Having a lot of trouble getting started with cloveretl

Hi,
I’m really new to ETL and am trying to evaluate a bunch of different tools to see what fits our needs.

One of the things I’m trying to do is modify a CSV file, but so far I’m running into some issues.

I have the CSV file (about 700MB) loaded in via universaldatareader. I’m trying to use extfilter (I think this is what I want) to search one column - named domain, for a particular domain name - lets say test.com.

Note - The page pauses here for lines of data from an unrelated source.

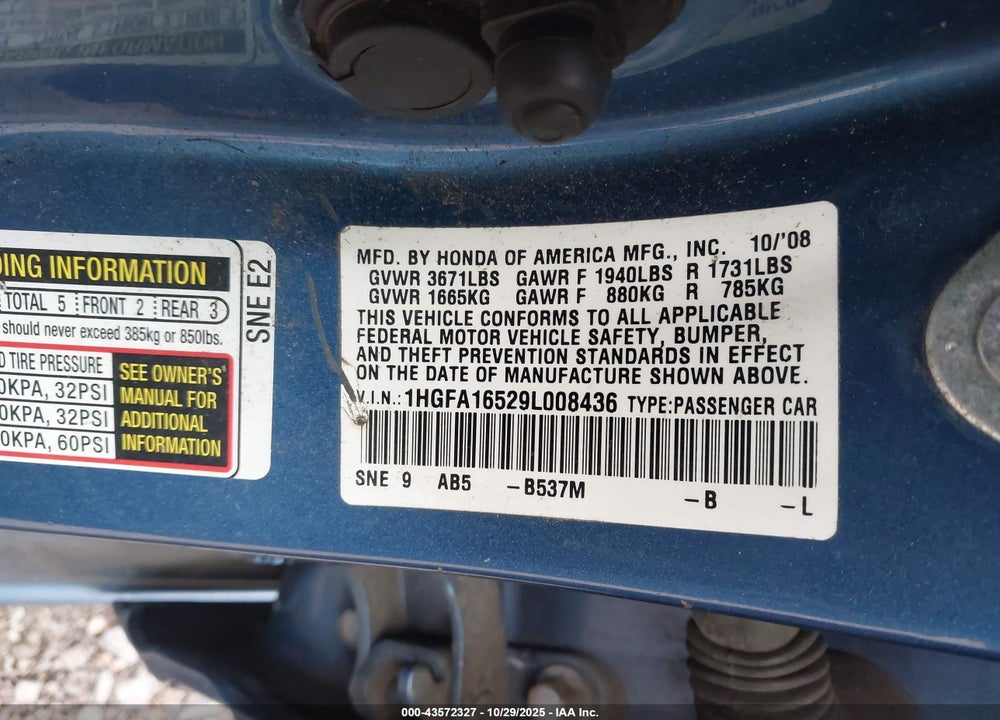 2009 HONDA CIVIC LX VIN: 1HGFA16529L008436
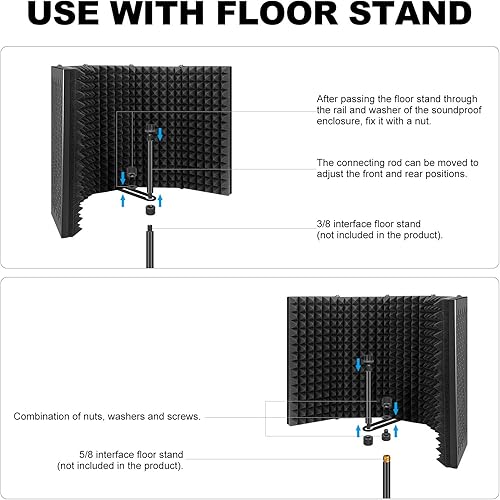 Miniatura 4 de Aokeo Escudo de aislamiento de micrófono, escudo de micrófono plegable con triple aislamiento acústico, filtro de reflexión con soporte roscado de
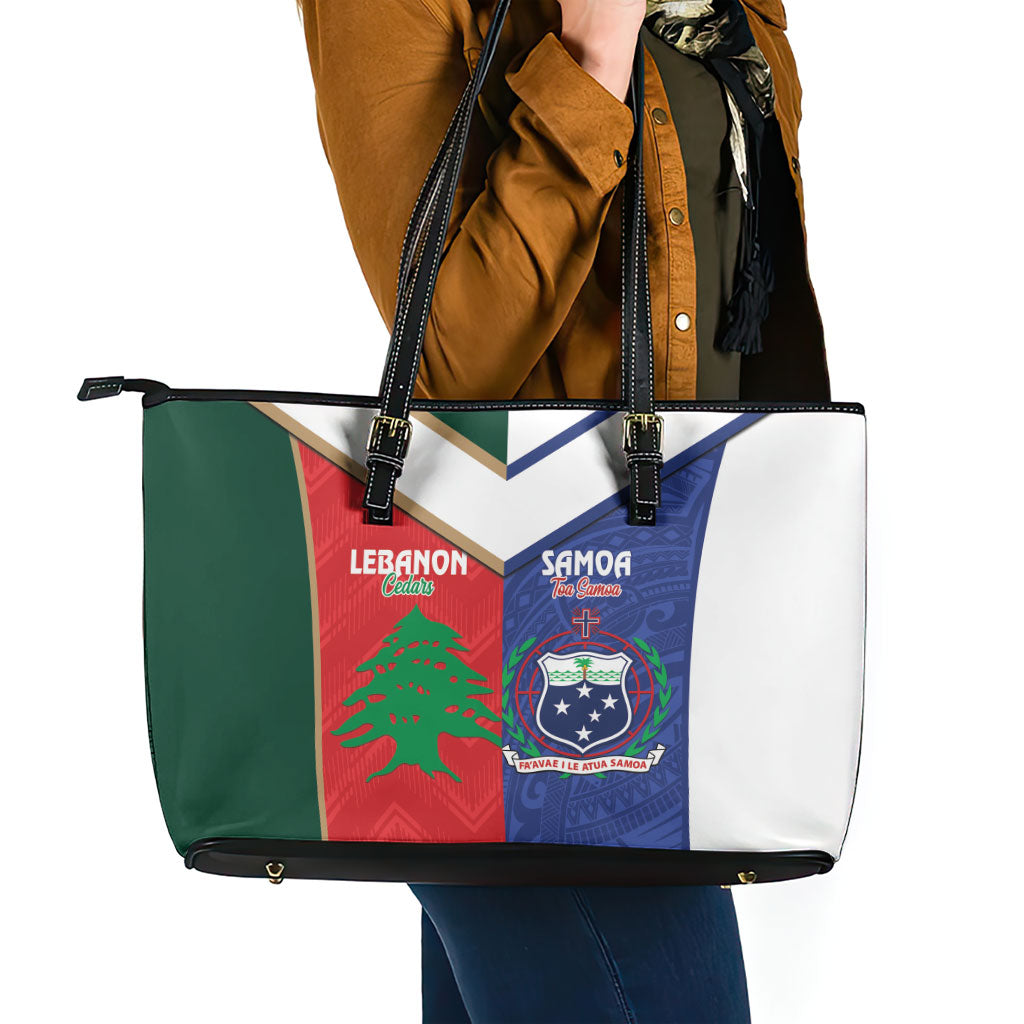 Rugby Samoa and Lebanon Leather Tote Bag Toa Samoa Cedars Together LT14 - Polynesian Pride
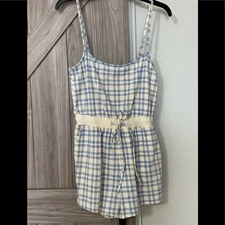 NWOT Le Lis Blue and white checked shorts romper small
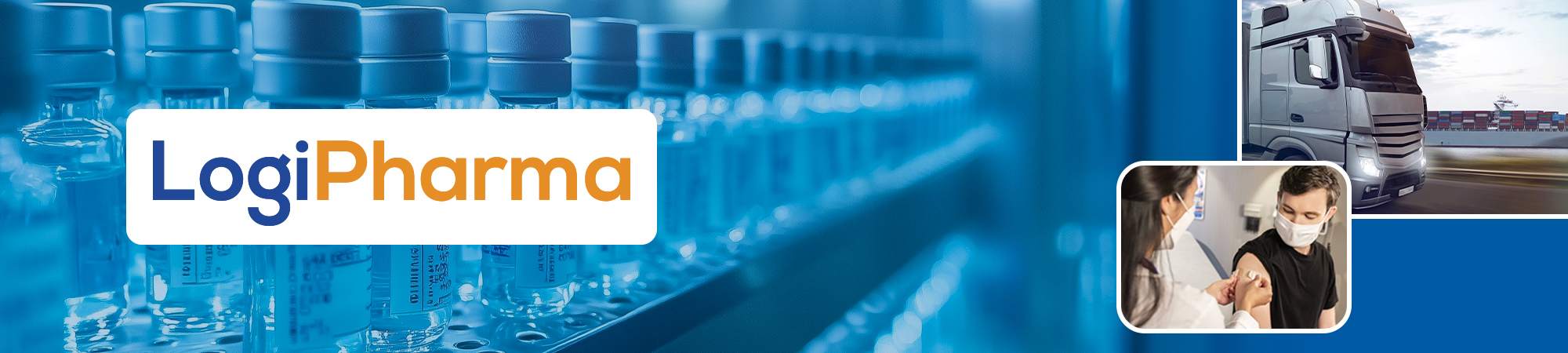 LogiPharma USA logo over background of vials and images of vaccine shot and logistics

I can’t figure out how to use extfilter to do this. I tried using the string find(string,string) function, but I can’t really find any documentation that tells me how to really use it. I tried doing something similar to below but this didn’t work.

//#CTL2
$0.Domain=find(TEST.COM, )

Is there any documentation that specifically deals with how to do string manipulation?

Totally stuck in ETL land…

Cheers,
-Derek

Hi Derek,

the CTL documentation is available at http://www.cloveretl.com/documentation/ … /ctl2.html. In particular, the documentation for string functions is available at http://www.cloveretl.com/documentation/ … -ctl2.html .

The code that should work for you is:


//#CTL2
indexOf(upperCase(nvl($0.Domain, "")), "TEST.COM") > -1

In case you need to be able to use regular expression, find function would be a better option:


//#CTL2
length(find(upperCase(nvl($0.Domain, "")), "TEST.COM")) > 0

nvl() and upperCase() functions are used just to ensure that there are no issues with empty values and cases hen domain is in mixed- or lower-case.

Regards,
Jan

Hi Jan,
Thanks.
I’m surprised that find can’t do it on it’s own, or perhaps I’m just using it wrong. The first one is what you suggested, and it works, but finds things like blahblahrim.com instead of just rim.com.

length(find(upperCase(nvl($0.Domain, “”)), “RIM.COM”)) > 0

I tried removing length and uppercase/nvl but neither seemed to work.

find(upperCase(nvl($0.Domain, “”)), “RIM.COM”)
find($0.Domain, “RIM.COM”)

I also tried to add a regex since you mentioned using find would be better for regex but ^RIM.COM$ doesn’t work.

What am I doing wrong?

Ok, I see the issue. I expected that you want to match anything that contains rim.com. If you just want to test whether the value is rim.com or not, you can use simple expression:


upperCase(nvl($0.Domain, "")) == "RIM.COM"

If all the data is in lowercase, you can also use just


$0.Domain == "rim.com"

For the sake of completeness, function find() is used to search for an occurrences of a string (regular expression) within text. That is the reason why it matches blahblahrim.com for search term rim.com.

How are regex’s defined? I would expect the below to work, but it doesn’t. The query is valid, but doesn’t filter any results?

//#CTL2
length(find(upperCase(nvl($0.Domain, “”)), “^RIM.COM$”)) > 0

also since you mentioned…
$0.Domain == “rim.com
does that mean that if it’s uppercase RIM.COM, I need to use upperCase?

Hi Derek,

Regular expressions used in CloverETL use the same syntax as those in java. Here is a link to documentation: http://docs.oracle.com/javase/6/docs/ap … ttern.html .

For what you are trying to achieve, I would recommend using function matches(string, regex), instead of find(). Function matches() returns true if whole input matches regular expression.

matches(upperCase(nvl($0.Domain, "")), "RIM.COM")

You can also use case insensitive regular expression matching by specifying case-insensitive flag:

matches(nvl($0.Domain, ""), "(?i)RIM.COM")

Using regular expressions for matching against fixed strings has potentially little lower performance that comparison using equality sign. However, unless you are working on millions of records you won’t really see any difference.

Equality operator == is case sensitive. Therefore, if the value is lowercase, you can use

$0.Domain == "rim.com"

If you know that data you are testing against are uppr-case, you can use

$0.Domain == "RIM.COM"

in other cases (mixed case),

upperCase(nvl($0.Domain, "")) == "RIM.COM"